# Import

In [1]:
from selenium import webdriver
from bs4 import BeautifulSoup
import time
import json

# Scraping Name and Score

Scraping name and score from the website https://pvpoke.com/rankings/. <br>
Store Data in raw_data/pokemon_name_rank.json. 

In [2]:
def scrape_rankings_names_scores_to_json():
    # Set up the Selenium WebDriver
    driver = webdriver.Chrome()

    try:
        # Navigate to the rankings page
        url = 'https://pvpoke.com/rankings/'
        driver.get(url)

        # Wait for the page to load completely
        time.sleep(15)

        # Get the page source and parse it with BeautifulSoup
        html = driver.page_source
        soup = BeautifulSoup(html, 'html.parser')

        # Extract Pokémon rankings data
        pokemon_blocks = soup.find_all('div', class_='rank')
        data = []

        for pokemon in pokemon_blocks:
            name = pokemon.find('span', class_='name').text if pokemon.find('span', class_='name') else "No name"
            score = pokemon.find('div', class_='rating score-rating').text if pokemon.find('div', class_='rating score-rating') else "No score"

            data.append({"name": name, "score": score})

        # Filter out entries with 'No score'
        data = [entry for entry in data if entry['score'] != "No score"]

        # Save data to a JSON file in the raw_data folder
        output_path = 'raw_data/pokemon_name_rank.json'
        with open(output_path, 'w') as f:
            json.dump(data, f, indent=4)

        print(f"Data has been saved to {output_path}")

    finally:
        # Quit the driver
        driver.quit()

In [3]:
# Call the function
scrape_rankings_names_scores_to_json()

Data has been saved to raw_data/pokemon_name_rank.json


# Scraping stats and moves

In [3]:
def scrape_all_pokemon_stats():
    input_path = 'raw_data/pokemon_name_rank.json'
    output_path = 'raw_data/pokemon_stats_moves.json'
    base_url = 'https://pvpoke.com/rankings/all/1500/overall/'
    driver = webdriver.Chrome()

    url = 'https://pvpoke.com/rankings/'
    driver.get(url)
    time.sleep(10)

    try:
        # Read Pokémon names from the input JSON file
        with open(input_path, 'r') as f:
            pokemon_list = json.load(f)

        # Initialize the output JSON file
        with open(output_path, 'w') as f:
            json.dump([], f)

        for pokemon in pokemon_list:
            name = pokemon['name']
            # Replace parentheses, apostrophes, spaces, and hyphens with underscores in the URL
            formatted_name = name.replace('(', '').replace(')', '').replace(' ', '_').replace('-','_').replace("'", '')
            url = f"{base_url}{formatted_name.lower()}/"

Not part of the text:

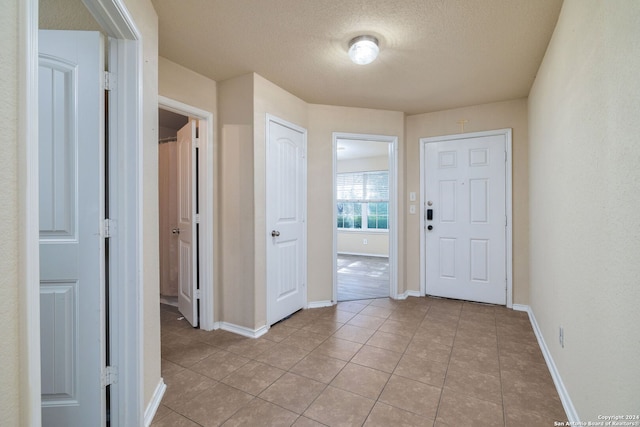 tiled entryway featuring a textured ceiling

            driver.get(url)
            time.sleep(7)
            html = driver.page_source
            soup = BeautifulSoup(html, 'html.parser')

            # Get detailed stats
            stat_details = soup.find('div', class_='stat-details clear')
            filtered_stats = {}
            if stat_details:
                for stat_row in stat_details.find_all('div', class_='stat-row'):
                    label = stat_row.find('div', class_='label')
                    value = stat_row.find('div', class_='value')
                    if label and value:
                        label_text = label.text.strip()
                        value_text = value.text.strip()
                        if label_text in ['Attack', 'Defense', 'Overall', 'Stamina']:
                            filtered_stats[label_text] = value_text

            # Get fast moves and their details
            fast_moves_section = soup.find('div', class_='moveset fast show-stats clear')
            fast_moves = []
            recommended_fast_move = None
            
            if fast_moves_section:
                move_elements = fast_moves_section.find_all('div', class_='move-detail-template')
                for move in move_elements:
                    if 'hide' not in move.get('class', []):
                        name_span = move.find('span', class_='name')
                        if name_span:
                            move_name = name_span.text.strip()
                            fast_moves.append(move_name)
                            # Check if this move is recommended (has 'selected' class)
                            if 'selected' in move.get('class', []):
                                recommended_fast_move = move_name

            # Get charged moves and their details
            charged_moves_section = soup.find('div', class_='moveset charged show-stats clear')
            charged_moves = []
            recommended_charged_moves = []
            
            if charged_moves_section:
                move_elements = charged_moves_section.find_all('div', class_='move-detail-template')
                for move in move_elements:
                    if 'hide' not in move.get('class', []):
                        name_span = move.find('span', class_='name')
                        if name_span:
                            move_name = name_span.text.strip()
                            charged_moves.append(move_name)
                            # Check if this move is recommended (has 'selected' class)
                            if 'selected' in move.get('class', []):
                                recommended_charged_moves.append(move_name)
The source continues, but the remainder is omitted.